→ **Provided data**:
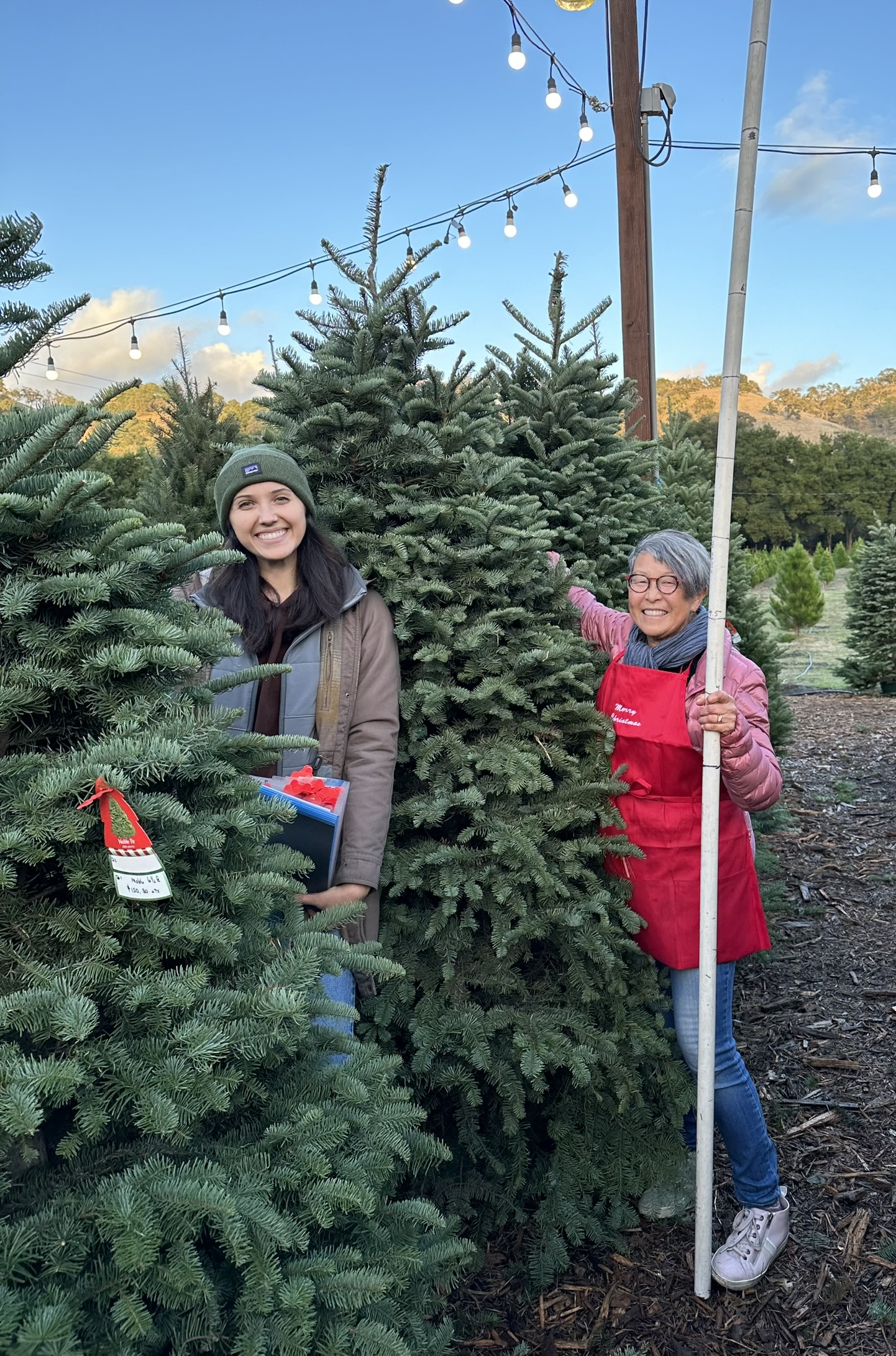 Christmas Tree Farm Photo 31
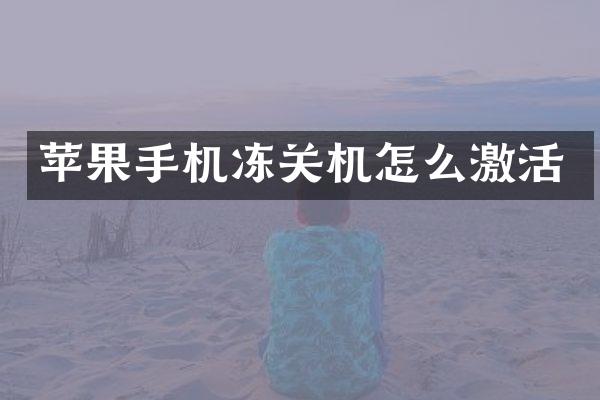 苹果手机冻关机怎么激活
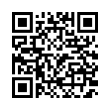 QR Code (код быстрого отклика)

→ **Required work**: Repeat the material above in full and unchanged, minus its images.

→ **Answer section**:
 Christmas Tree Farm Photo 31
 苹果手机冻关机怎么激活
 QR Code (код быстрого отклика)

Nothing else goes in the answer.